Gunlög Fur. A Nation of Women: Gender and Colonial Encounters Among the Delaware Indians. Philadelphia: University of Pennsylvania Press, 2009. viii + 251 pp.; ill; tables. ISBN 978-0-8122-4182-2 (cl).
Rebecca Kugel and Lucy Eldersveld Murphy, eds. Native Women’s History in Eastern North America before 1900: A Guide to Research and Writing. Lincoln: University of Nebraska Press, 2007. xii + 467 pp.; ill; tables. ISBN 0-8032-2779-5 (cl); 0-8032-7831-4 (pb).
Tiya Miles. The House on Diamond Hill: A Cherokee Plantation Story. Chapel Hill: University of North Carolina Press, 2010. xii + 315 pp.; ill. ISBN 978-0-8078-3418-3 (cl).

At first glimpse, the temporal and geographical coverage of the books under review is quite disparate: Rebecca Kugel and Lucy Murphy have assembled essays that cover eastern North America from contact to 1900; Gunlög Fur’s monograph examines the Delaware (or Lenape) from the mid-seventeenth through the eighteenth century; Tiya Miles’s story of the Diamond Hill plantation in Cherokee country centers on the first half of the nineteenth century, though her discussion of how the house was preserved and memorialized brings her account to the present day; and Loretta Fowler’s anthropological study of the Arapaho begins in the mid-nineteenth century and ends almost ninety years later. What links these works together, however, is one central question: how did ideas about gender shape interactions between different cultures? The cultures in question are namely American Indian and European, later Euro-American, although these studies demonstrate the great variation possible within these categories. For example, native groups engaged in agricultural production to differing degrees; some chose to adopt African slavery while others rejected or modified it; they may have determined lineage matrilineally or patrilineally; and they responded to efforts to convert them to Christianity with everything from devotion to ridicule. Native people, moreover, noticed [End Page 211] that Euro-American attitudes toward native peoples varied depending on the entities involved: religious missionaries, state officials, federal authorities, or members of the military.

Kugel and Murphy’s anthology provides a useful starting point for discussing the other works under review as they have assembled a primer for scholars interested in gender among native peoples. The collection includes some of the most influential essays written about women in native societies, as well as a new introduction by the author whenever possible.

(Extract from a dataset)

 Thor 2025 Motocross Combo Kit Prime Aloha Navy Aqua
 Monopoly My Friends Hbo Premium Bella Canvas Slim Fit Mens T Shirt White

These introductions are often as interesting as the original essays. For instance, Rayna Green describes her clear political agenda to engage the Red Power and New Feminist movements by including previously unheard native women’s voices when she wrote “The Pocahontas Perplex.” Green, furthermore, is disappointed that her theory remains relevant: non-Indians continue to use such images as “the princess” or “the squaw” to project their own meanings of gender and native identity onto the bodies of native women and then weave those representations into their own family histories, as well as such larger national narratives as the importance of Pocahontas to the survival of Jamestown, or Sacajawea’s assistance in the Lewis and Clark expedition. Another example is Theda Perdue’s introduction to “Cherokee Women and the Trail of Tears,” in which she illuminates the evolution of her thinking with regard to the declension model, which argued that Cherokee women’s status declined because of contact with Euro-Americans. In part, Perdue’s later examination of non-elite women led her “to the conclusion that women’s power and status were remarkably consistent and stable” (277). Nancy Shoemaker’s introduction reconsiders the kinds of primary sources she would use today to write “The Rise of Fall of Iroquois Women,” such as legal records produced by county and state officials in communities adjacent to native populations. Each introduction offers insight into the workings of the scholarly mind, including how an author approached a particular topic with regard to theory and historiography, and how an author’s thinking may have changed over...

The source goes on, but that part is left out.